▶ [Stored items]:

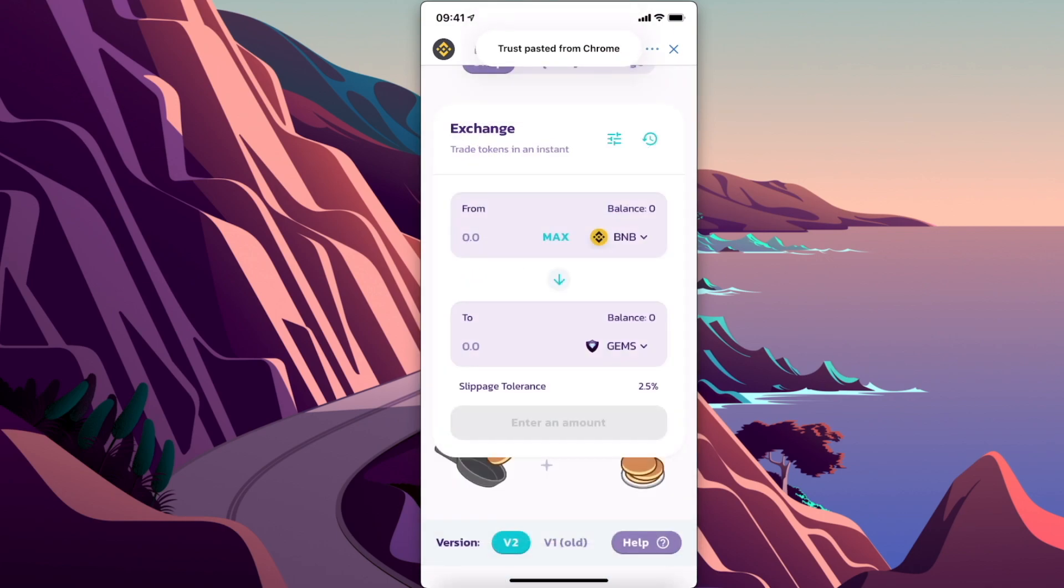Now you can buy SafeGem Finance on PancakeSwap. So guys, that's pretty much it. If I helped you out, please press the like button and subscribe for more. Take care, bye.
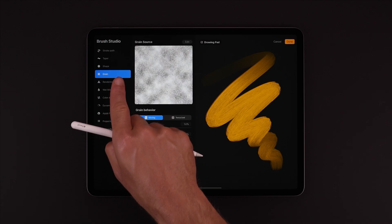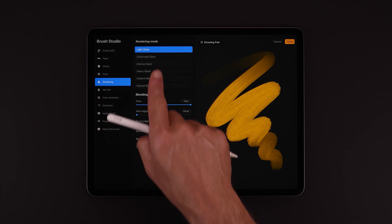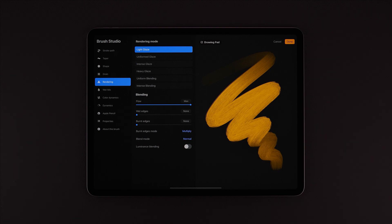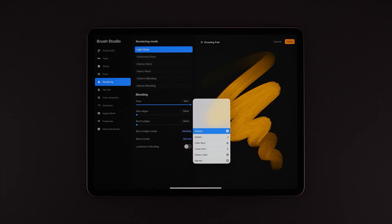Next is Rendering. Here we can choose between different rendering modes, as well as wet or burnt edges, and the blend mode for those burnt edges.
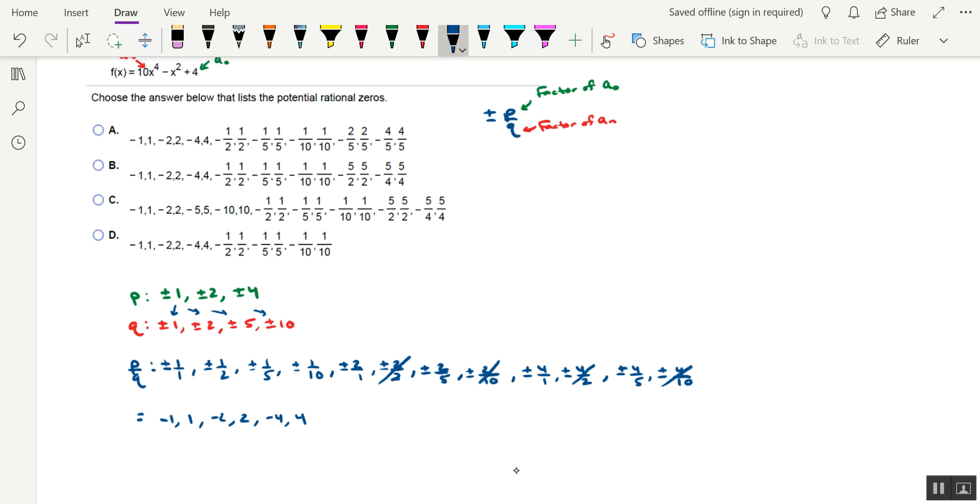And then we get into our fractions. So we're looking at comma negative 1 half, comma positive 1 half, then negative 1 fifth, comma positive 1 fifth.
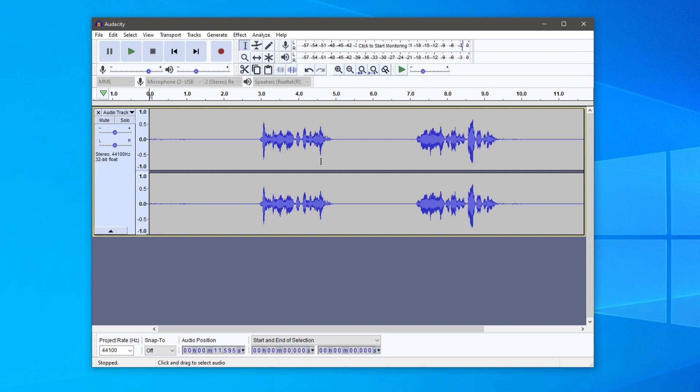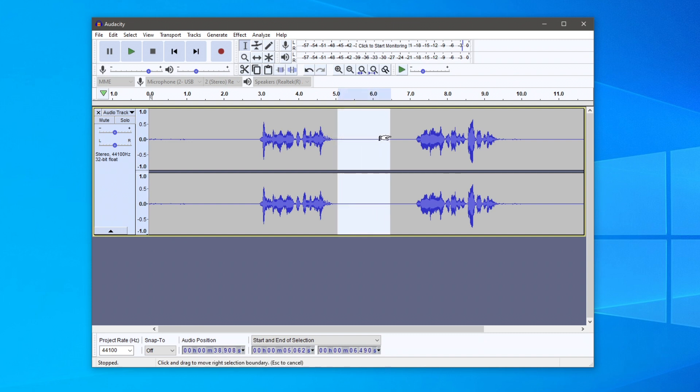I'm showing you two separate methods. The first method is finding a piece of audio you want to trim. I'm going to remove this gap here between the two audios. Find the point where you want to start, then hold the left mouse button down and drag to where you want it to stop.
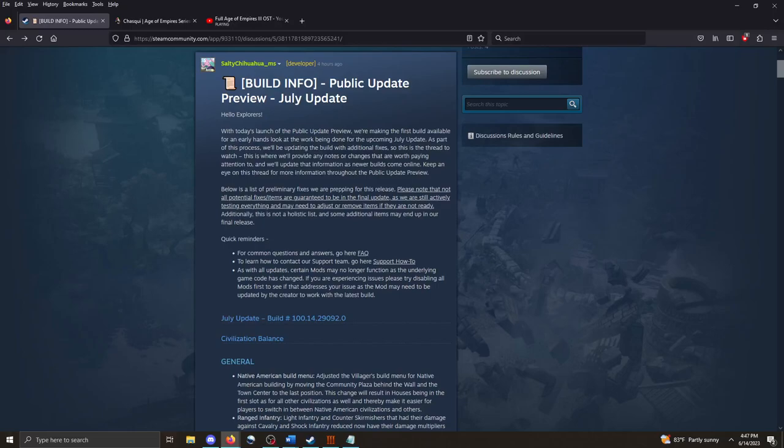Hi guys, Kaiser here and welcome back to Iron Kaiser Gaming. We've got some pretty exciting news in the Age of Empires 3 world as the latest public update preview for the July patch has finally released. They've added some pretty unique cool things, so let's go ahead and open this up and see what they've got in here.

▶ [Task goal]: What is needed is an exact copy of only the lines from the line containing "Next is Rendering." through the last line of the entries, inclusive, without the pictures.

▶ [Worked solution]:
Next is Rendering. Here we can choose between different rendering modes, as well as wet or burnt edges, and the blend mode for those burnt edges.
And then we get into our fractions. So we're looking at comma negative 1 half, comma positive 1 half, then negative 1 fifth, comma positive 1 fifth.
I'm showing you two separate methods. The first method is finding a piece of audio you want to trim. I'm going to remove this gap here between the two audios. Find the point where you want to start, then hold the left mouse button down and drag to where you want it to stop.
Hi guys, Kaiser here and welcome back to Iron Kaiser Gaming. We've got some pretty exciting news in the Age of Empires 3 world as the latest public update preview for the July patch has finally released. They've added some pretty unique cool things, so let's go ahead and open this up and see what they've got in here.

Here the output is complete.